Task directions:
From the entries below, return only the lines starting at the one that contains "Here's an example: we" and ending at the one that contains "Luckily, Affinity Designer", exactly as they stand.

Source data:
------------

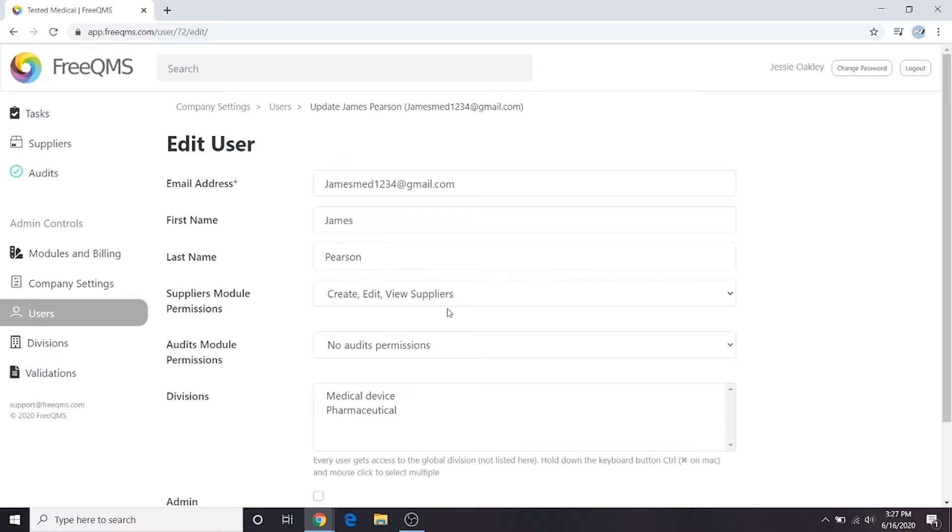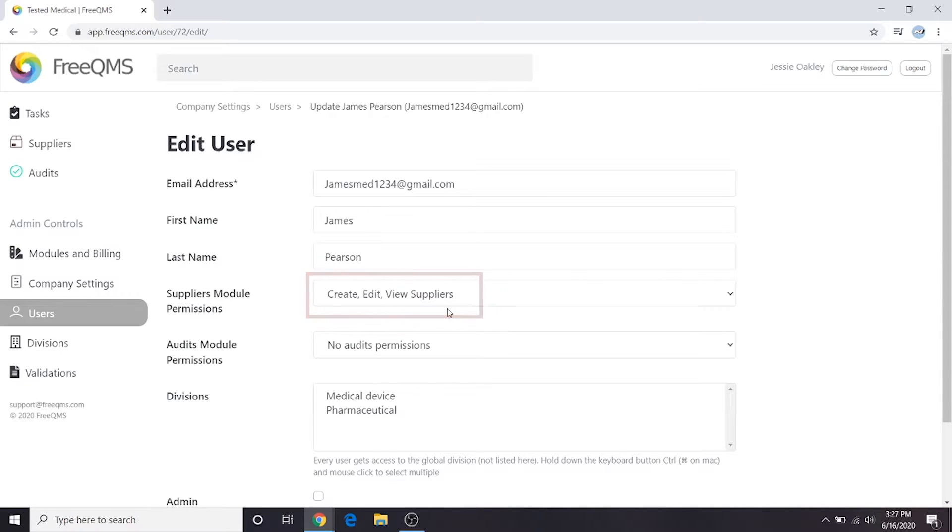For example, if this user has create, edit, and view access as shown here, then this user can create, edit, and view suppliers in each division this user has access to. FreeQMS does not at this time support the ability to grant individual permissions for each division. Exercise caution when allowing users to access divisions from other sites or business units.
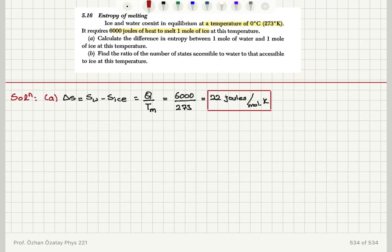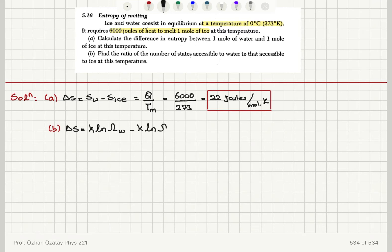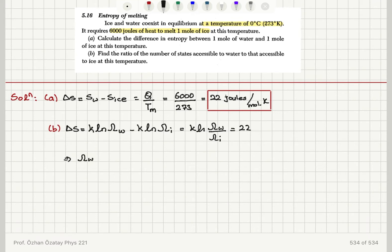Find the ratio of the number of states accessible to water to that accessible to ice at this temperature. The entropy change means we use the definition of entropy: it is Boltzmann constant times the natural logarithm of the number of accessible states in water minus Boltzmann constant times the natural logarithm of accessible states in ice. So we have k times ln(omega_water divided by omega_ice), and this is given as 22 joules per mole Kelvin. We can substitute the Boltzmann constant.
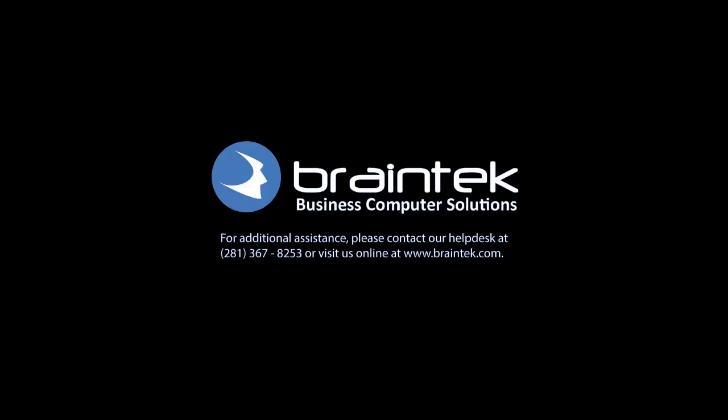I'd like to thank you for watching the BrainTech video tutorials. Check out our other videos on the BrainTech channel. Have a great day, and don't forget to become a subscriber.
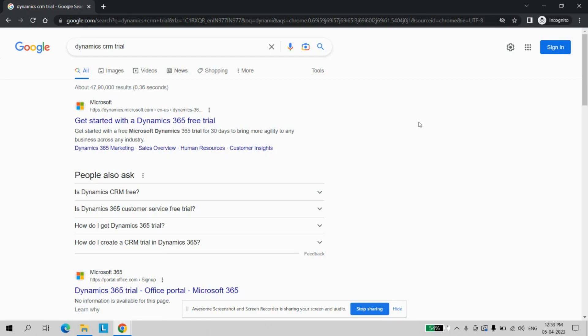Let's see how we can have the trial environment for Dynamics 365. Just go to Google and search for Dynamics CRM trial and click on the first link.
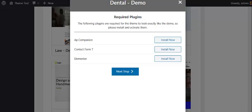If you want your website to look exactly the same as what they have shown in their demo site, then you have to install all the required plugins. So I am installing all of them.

------------

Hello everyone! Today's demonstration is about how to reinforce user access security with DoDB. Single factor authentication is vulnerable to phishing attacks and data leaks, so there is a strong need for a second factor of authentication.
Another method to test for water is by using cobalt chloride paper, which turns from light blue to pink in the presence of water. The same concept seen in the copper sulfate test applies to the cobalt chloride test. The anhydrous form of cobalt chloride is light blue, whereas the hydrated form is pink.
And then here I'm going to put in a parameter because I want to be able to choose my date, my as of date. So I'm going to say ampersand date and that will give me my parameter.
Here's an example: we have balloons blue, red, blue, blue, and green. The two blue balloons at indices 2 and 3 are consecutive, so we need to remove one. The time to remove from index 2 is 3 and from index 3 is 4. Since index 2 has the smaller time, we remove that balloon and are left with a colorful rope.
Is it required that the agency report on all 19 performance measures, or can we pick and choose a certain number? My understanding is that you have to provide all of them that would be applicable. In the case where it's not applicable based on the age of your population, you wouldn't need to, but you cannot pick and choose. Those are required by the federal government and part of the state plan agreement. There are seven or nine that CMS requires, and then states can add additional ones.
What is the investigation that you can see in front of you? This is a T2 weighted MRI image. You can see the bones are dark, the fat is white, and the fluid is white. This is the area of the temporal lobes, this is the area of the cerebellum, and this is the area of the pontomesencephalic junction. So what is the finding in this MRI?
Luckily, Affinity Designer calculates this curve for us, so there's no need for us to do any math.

------------

Exercise solution:
Here's an example: we have balloons blue, red, blue, blue, and green. The two blue balloons at indices 2 and 3 are consecutive, so we need to remove one. The time to remove from index 2 is 3 and from index 3 is 4. Since index 2 has the smaller time, we remove that balloon and are left with a colorful rope.
Is it required that the agency report on all 19 performance measures, or can we pick and choose a certain number? My understanding is that you have to provide all of them that would be applicable. In the case where it's not applicable based on the age of your population, you wouldn't need to, but you cannot pick and choose. Those are required by the federal government and part of the state plan agreement. There are seven or nine that CMS requires, and then states can add additional ones.
What is the investigation that you can see in front of you? This is a T2 weighted MRI image. You can see the bones are dark, the fat is white, and the fluid is white. This is the area of the temporal lobes, this is the area of the cerebellum, and this is the area of the pontomesencephalic junction. So what is the finding in this MRI?
Luckily, Affinity Designer calculates this curve for us, so there's no need for us to do any math.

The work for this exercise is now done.